▶ _Problem_:
In your copy, include every entry exactly as written but no pictures.

▶ _Source data_:
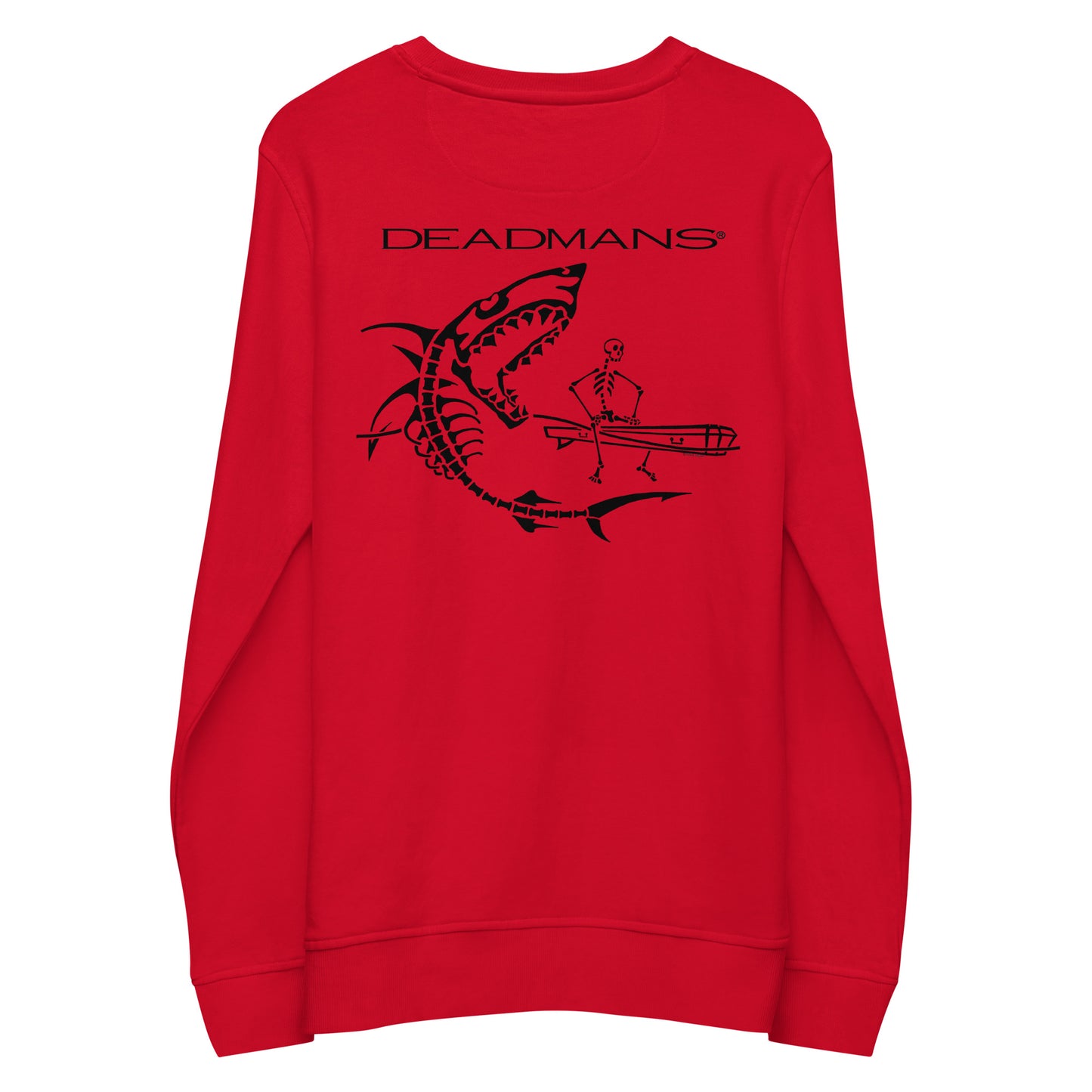 Sweatshirt (organic cotton) - Skeleton Shark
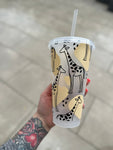 Giraffe Tumbler Venti Cold Cup 24oz - With Straw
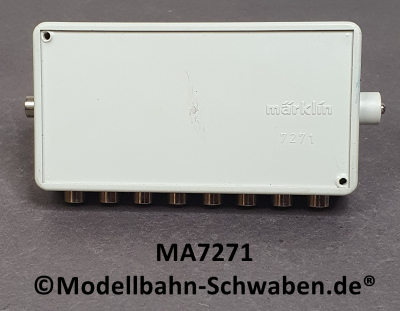 Märklin 7271 Stellpult mit Rückmeldung zum Schalten von 4 zweispuligen Magnetartikeln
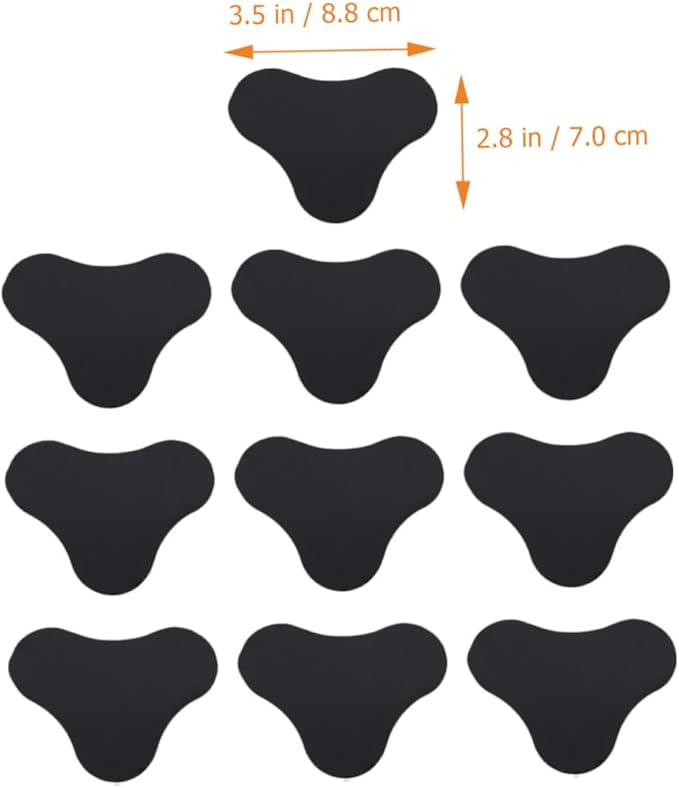 10Pcs Reusable Washable Rug Tape Grippers Non-Slip Double-Sided Carpet Stickers for Hardwood Floors Area Rugs Mats Prevent Curling Sliding Safe Home Use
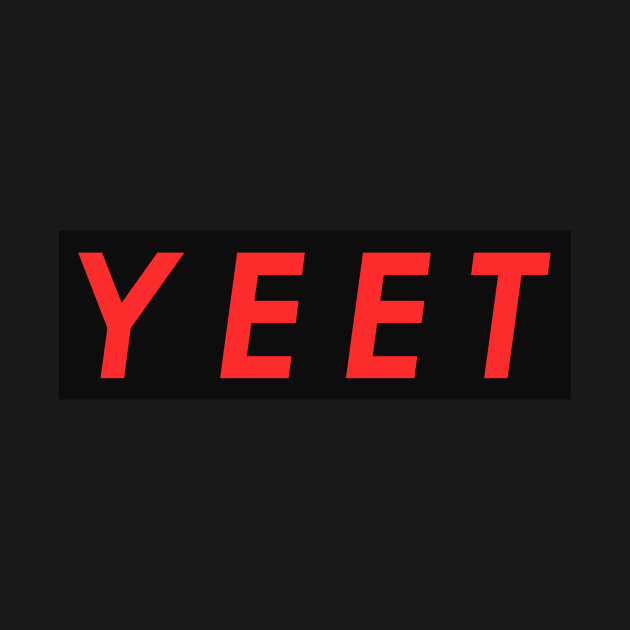 Yeet Meme Black Box Dank Gamer Yeetin Funny White Color by mangobanana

▶ _Task answer_:
 Sweatshirt (organic cotton) - Skeleton Shark
 Giraffe Tumbler Venti Cold Cup 24oz - With Straw
 Märklin 7271 Stellpult mit Rückmeldung zum Schalten von 4 zweispuligen Magnetartikeln
 10Pcs Reusable Washable Rug Tape Grippers Non-Slip Double-Sided Carpet Stickers for Hardwood Floors Area Rugs Mats Prevent Curling Sliding Safe Home Use
 Yeet Meme Black Box Dank Gamer Yeetin Funny White Color by mangobanana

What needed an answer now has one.